Comparison of Current Complex Variable Boundary Element Method (CVBEM) Capabilities in Basis Functions, Node Positioning Algorithms (NPAs), and Coefficient Determination Methods

CVBEM is a numerical method of solving boundary value problems that satisfy Laplace's Equation in two dimensions. Three key parameters that impact the computational error and functionality of CVBEM are the basis function, the positions of the modeling nodes, and the coefficient determination methodology. To demonstrate the importance of these parameters, a case study of 2D ideal fluid flow into a 90-degree bend and over a semicircular hump was conducted comparing models using original CVBEM, complex log, complex pole, and digamma function variants basis functions, using two different NPAs, NPA1 and NPA2, and using collocation and least squares methods to determine coefficients.

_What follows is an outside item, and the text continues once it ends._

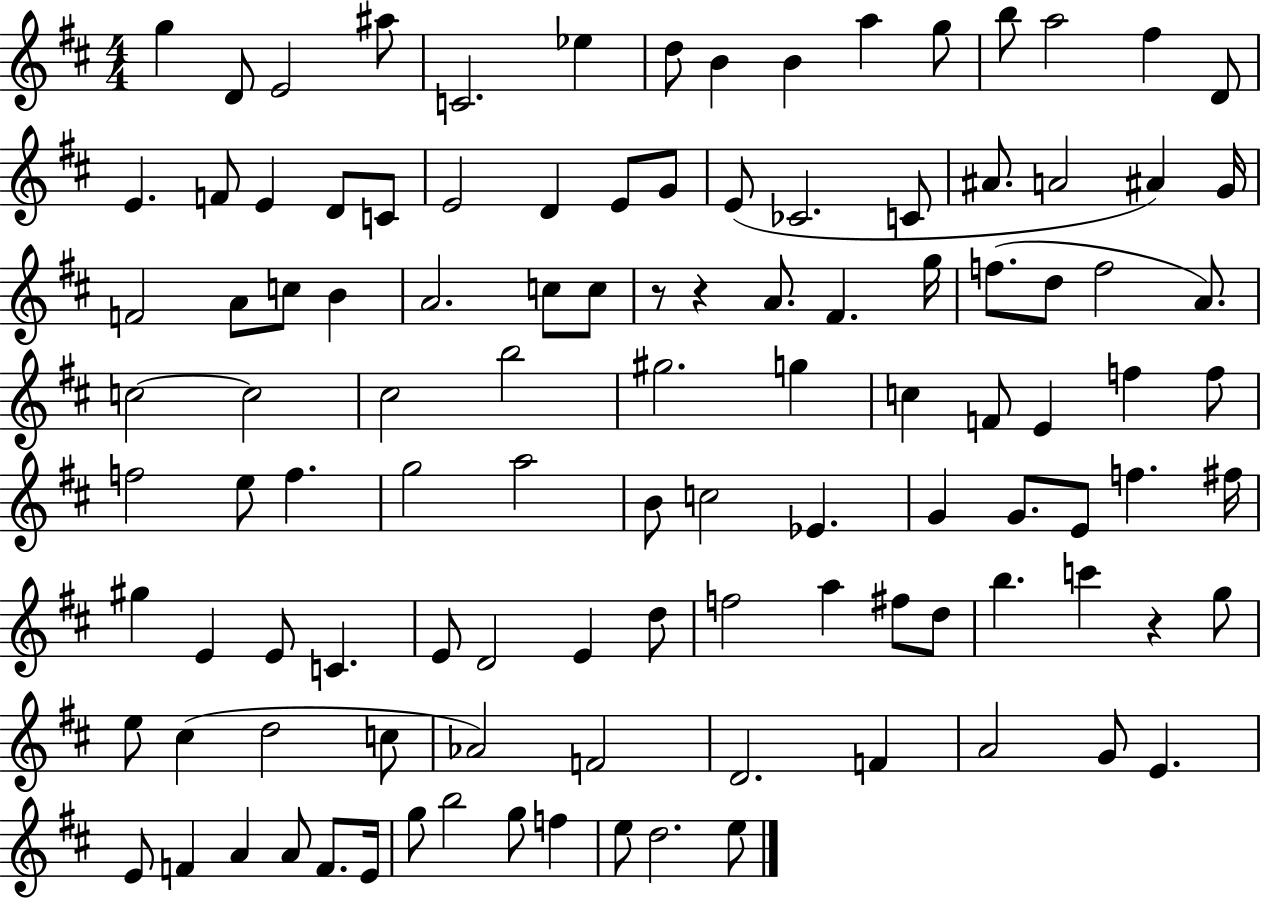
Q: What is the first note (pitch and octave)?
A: G5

Results indicate that the combination of the original CVBEM basis function, NPA2, and least squares results in an approximation with the least computational error. Moreover, least squares appear to enable stability in both NPAs regarding reduction of computational error due to taking advantage of all boundary data and more stable condition number growth. By exploring the interaction of the three main CVBEM parameters, this paper clarifies the unique impact they have on the modelling process and explicitly identifies a fourth parameter, collocation point placement, as being impactful on computational error.